Slowly, the old man raises his arm and points to his mountain. Then he lowers it and points to the mountain’s image.
I shake my head. It is an answer that is no answer. He shakes his head back at me and points again.
The clouds are massing high above Fuji, but that is no answer. I study them for a long while but can trace no interesting images within.
Then I drop my eyes. Below me, inverted, they take a different form. It is as if they depict the clash of two armed hosts. I watch in fascination as they flow together, the forces from my right gradually rolling over and submerging those to my left. Yet in so doing, those from my right are diminished.
Conflict? That is the message? And both sides lose things they do not wish to lose? Tell me something I do not already know, old man.
He continues to stare. I follow his gaze again, upward. Now I see a dragon, diving into Fuji’s cone.
I look below once again. No armies remain, only carnage; and here the dragon’s tail becomes a dying warrior’s arm holding a sword.
I close my eyes and reach for it. A sword of smoke for a man of fire.
13. Mt. Fuji from Koishikawa in Edo
Snow, on the roofs of houses, on evergreens, on Fuji—just beginning to melt in places, it seems. A windowful of women—geishas, I would say—looking out at it, one of them pointing at three dark birds high in the pale sky. My closest view of Fuji to that in the print is unfortunately snowless, geishaless, and sunny.
Details . . .
Both are interesting, and superimposition is one of the major forces of aesthetics. I cannot help but think of the hot-spring geisha Komako in Snow Country–Yasunari Kawabata’s novel of loneliness and wasted, fading beauty—which I have always felt to be the great anti-love story of Japan. This print brings the entire tale to mind for me. The denial of love. Kit was no Shimamura, for he did want me, but only on his own highly specialized terms, terms that must remain unacceptable to me. Selfishness or selflessness? It is not important . . .

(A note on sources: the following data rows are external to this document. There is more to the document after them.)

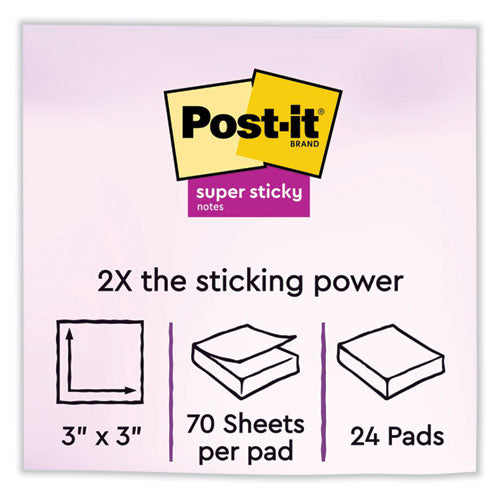 Image of Post-it® Notes Super Sticky 654-24SSJOY-CP Note Pads in Summer Joy Collection Colors, 3" x 3", Summer Joy Collection Colors, 70 Sheets/Pad, 24 Pads/Pack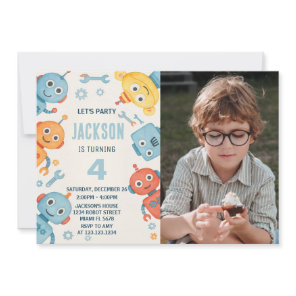 Cute Watercolor Robot Kids Birthday Invitation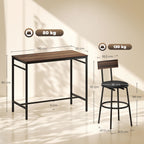 Conjunto de Mesa Alta de Bar com 4 Bancos, Assentos em PU com Encosto e Apoio para os Pés, Castanho — foto 2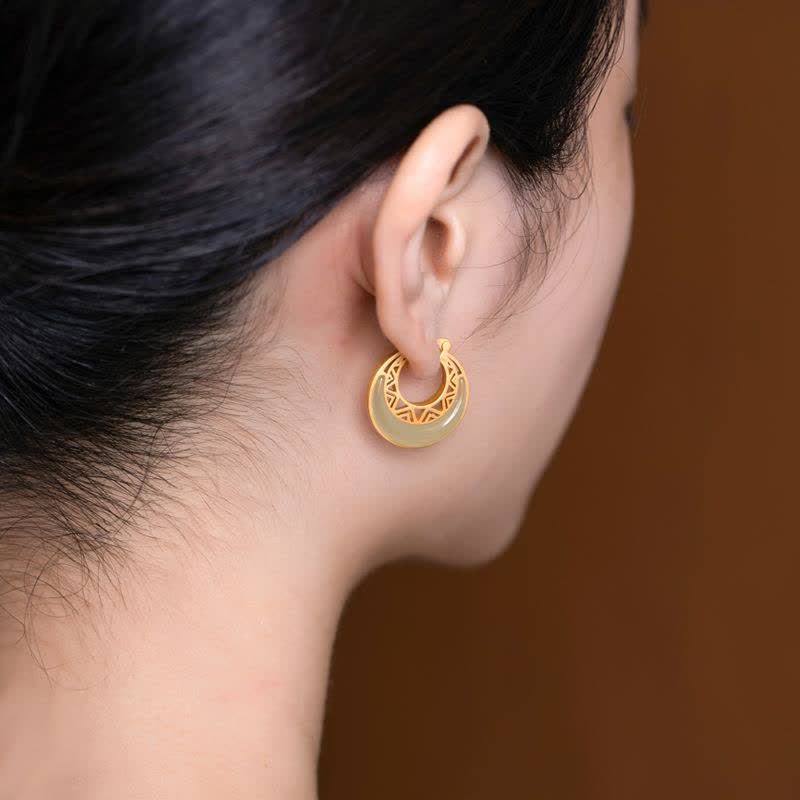 Pendientes colgantes de prosperidad de jade con luna creciente y Buddha Stones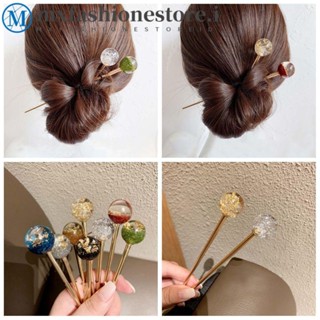 mxfashione ปิ่นปักผม แบบฟอยล์ โลหะ ทองแวววาว สำหรับผู้หญิง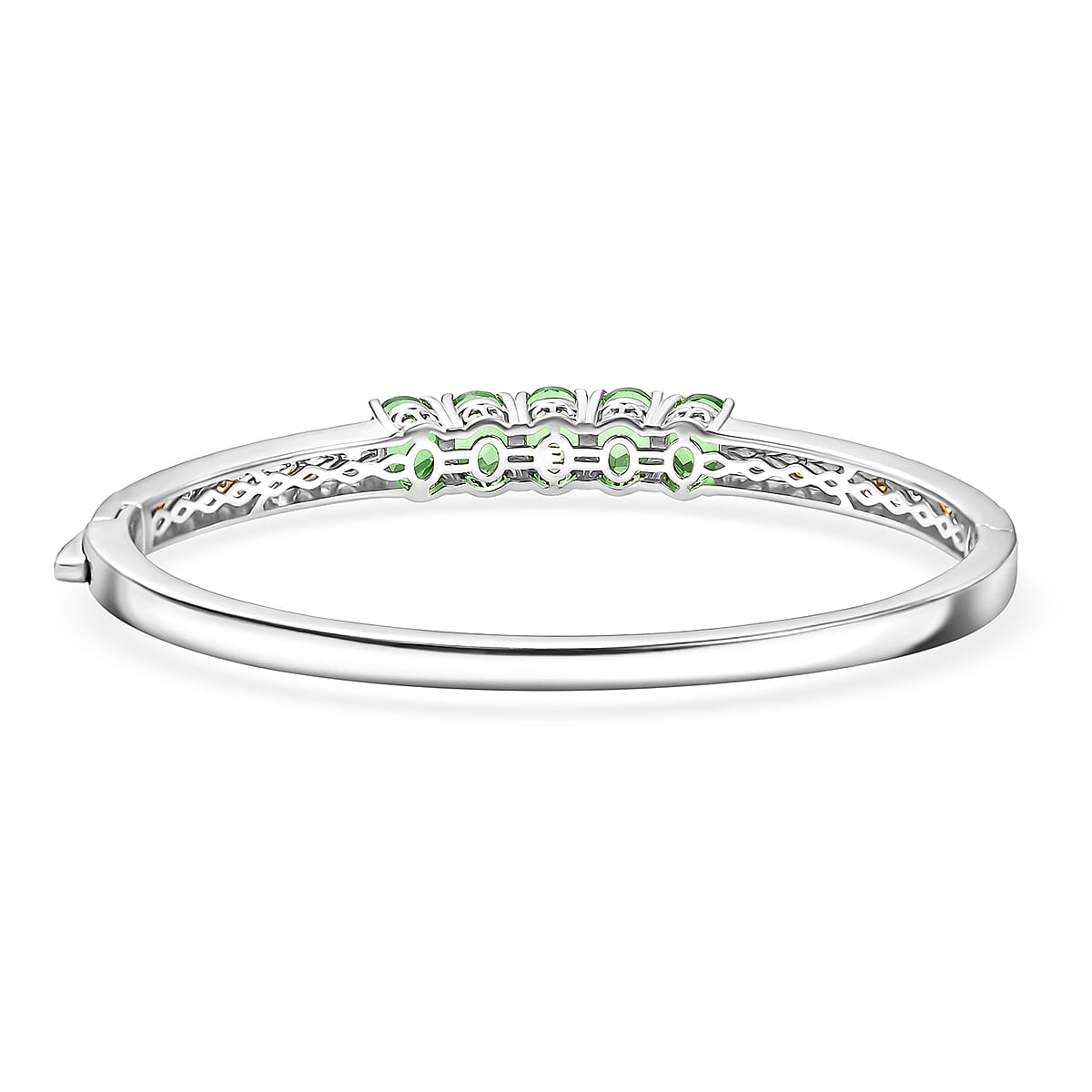 EverTrue Chartreuse Quartz (Triplet) 7.25 ctw Bangle Bracelet in 18K YG Plated and Platinum Bond (7.25 In) image number 4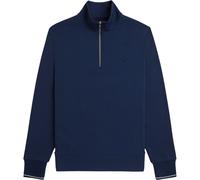 Fred Perry Mens Half Zip Sweatshirt Tennis Blue Cotton - Size Large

And the birds at which the geisha points. . . ? “Thirteen Ways of Looking at a Blackbird?” To the point. We could never agree on values.
The Two Corbies? And throw in Ted Hughes’s pugnacious Crow? Perhaps so, but I won’t draw straws. An illusion for every allusion, and where’s yesterday’s snow?
I lean upon my staff and study my mountain. I wish to make it to as many of my stations as possible before ordering the confrontation. Is that not fair? Twenty-four ways of looking at Mt. Fuji. It struck me that it would be good to take one thing in life and regard it from many viewpoints, as a focus for my being, and perhaps as a penance for alternatives missed.
Kit, I am coming, as you once asked of me, but by my own route and for my own reasons. I wish that I did not have to, but you have deprived me of a real choice in this matter. Therefore, my action is not truly my own, but yours. I am become then your own hand turned against you, representative of a kind of cosmic aikido.
I make my way through town after dark, choosing only dark streets where the businesses are shut down. That way I am safe. When I must enter town I always find a protected spot for the day and do my traveling on these streets at night.
I find a small restaurant on the corner of such a one and I take my dinner there. It is a noisy place but the food is good. I also take my medicine, and a little sake.
Afterward, I indulge in the luxury of walking rather than take a taxi. I’ve a long way to go, but the night is clear and star-filled and the air is pleasant.
I walk for the better part of ten minutes, listening to the sounds of traffic, music from some distant radio or tape deck, a cry from another street, the wind passing high above me and rubbing its rough fur upon the sides of buildings.